-- PROVIDED DATA --
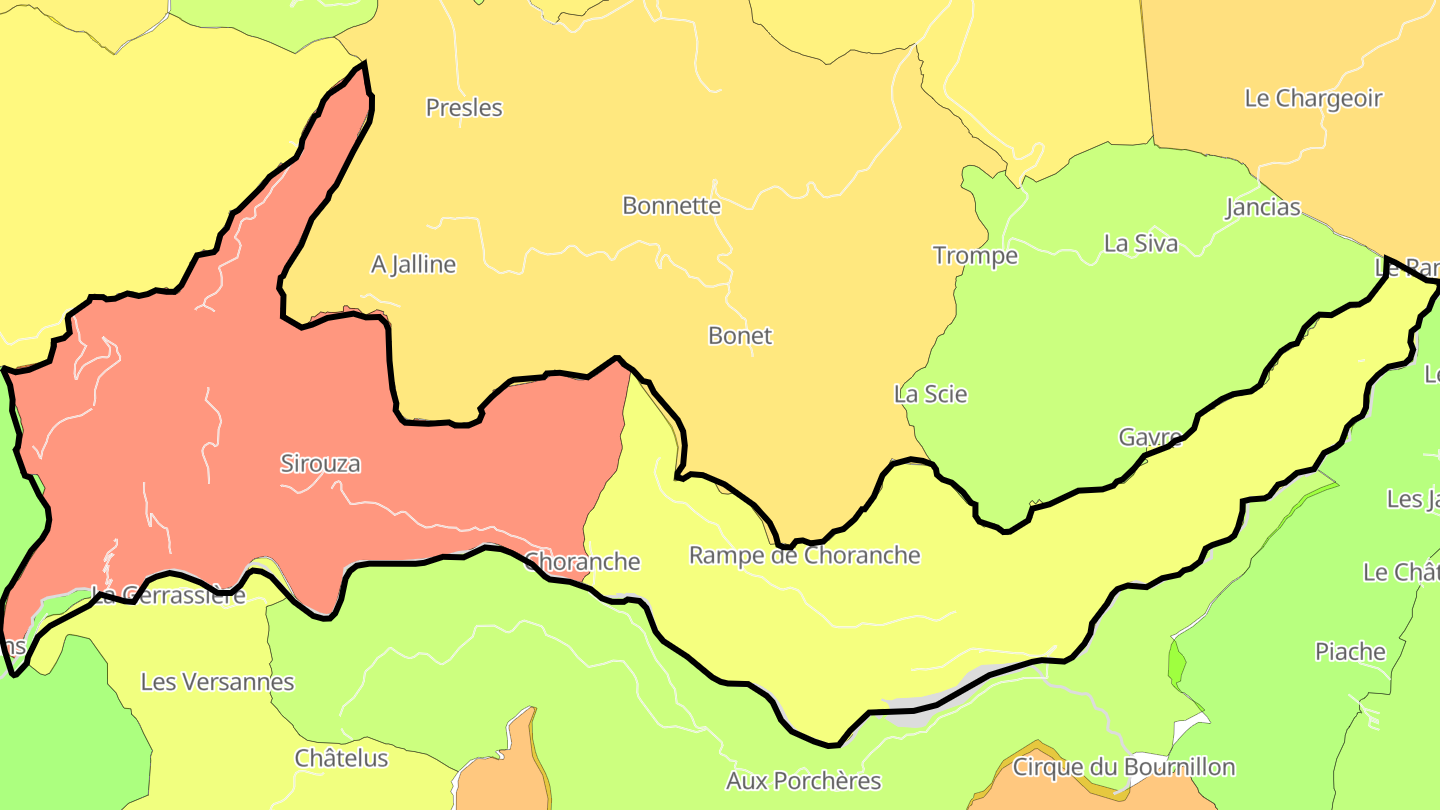 Carte des prix de l'immobilier Choranche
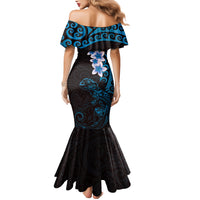 New Zealand Tuatara Plumeria Mermaid Dress Maori Blue Koru Tribal Tattoo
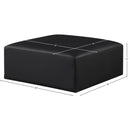 Meridian Cube Black Vegan Leather Ottoman IMAGE 6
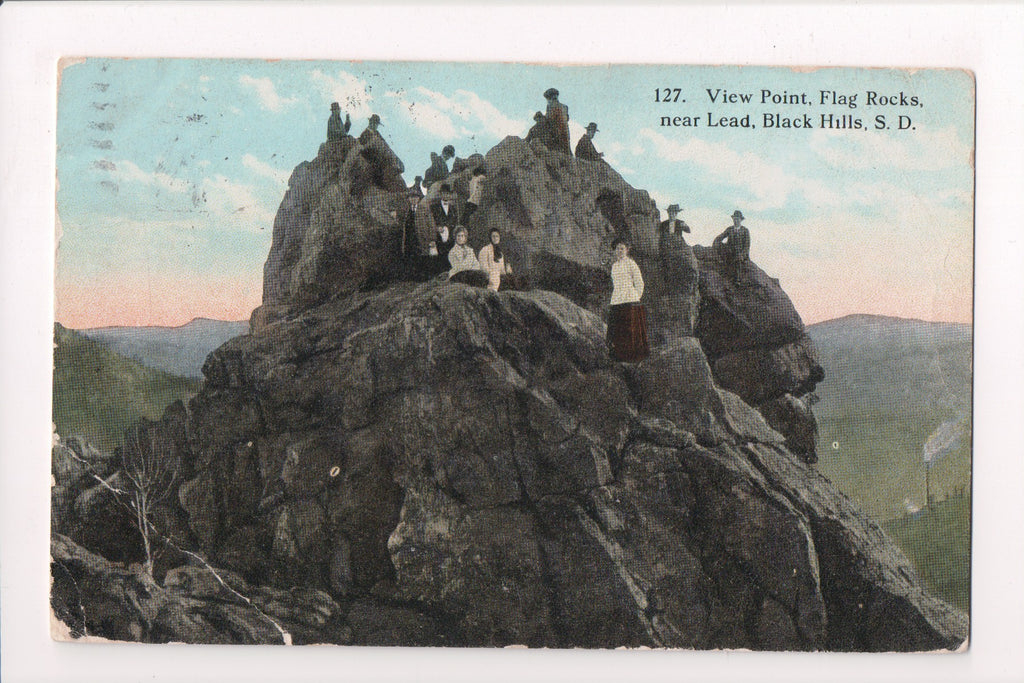 SD, Lead - Black Hills, Flag Rocks with people on point - CP0642
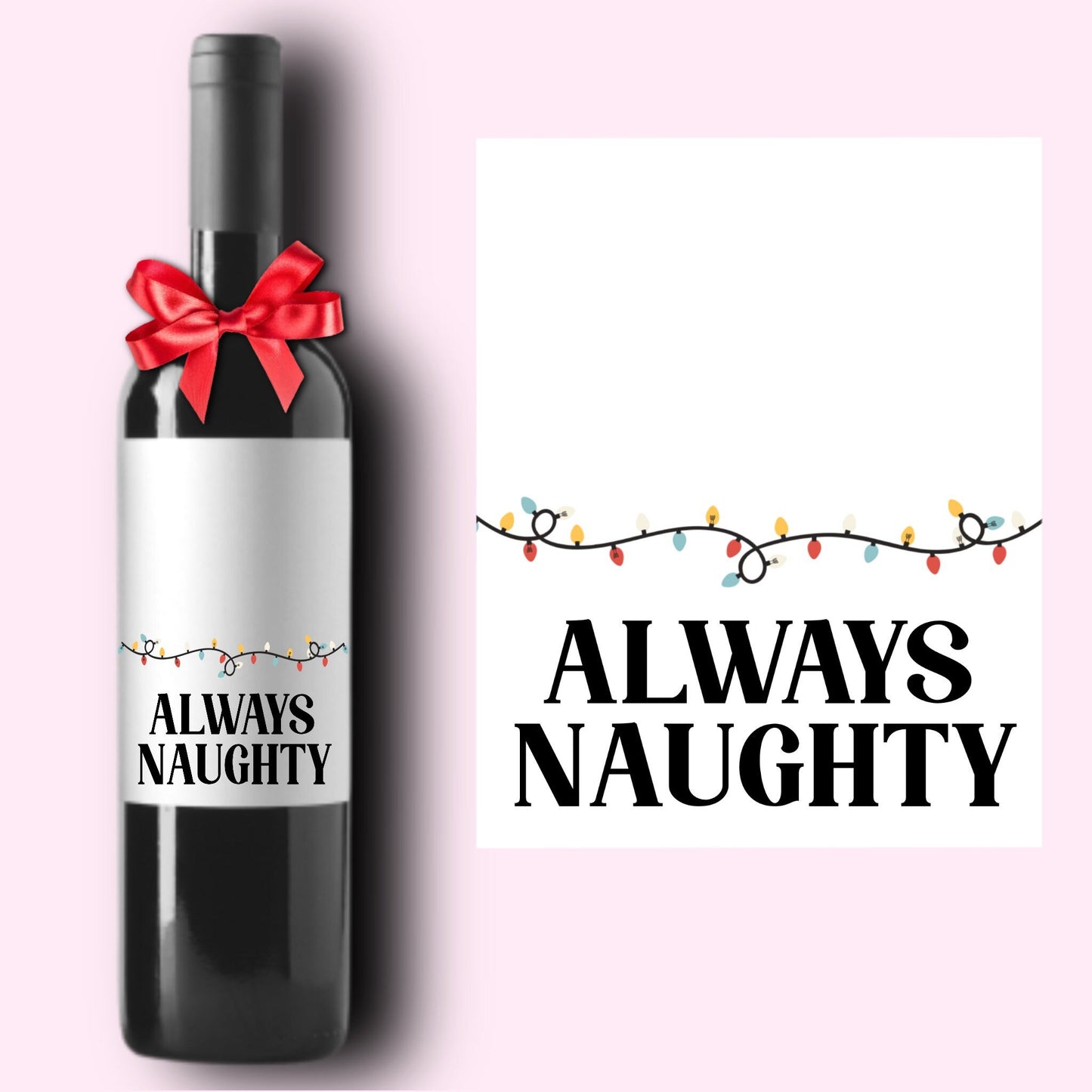 Funny Holiday Christmas Wine Label * Custom Wine Labels * Naughty List * Liquor Label * Hostess Gift * Holiday Party * Hanukkah Dinner *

-- EXERCISE DIRECTIONS --
Retype each entry exactly. No pictures.

-- ANSWER TO THIS EXERCISE --
 Carte des prix de l'immobilier Choranche
 New Zealand Tuatara Plumeria Mermaid Dress Maori Blue Koru Tribal Tattoo
 Meridian Cube Black Vegan Leather Ottoman IMAGE 6
 SD, Lead - Black Hills, Flag Rocks with people on point - CP0642
 Funny Holiday Christmas Wine Label * Custom Wine Labels * Naughty List * Liquor Label * Hostess Gift * Holiday Party * Hanukkah Dinner *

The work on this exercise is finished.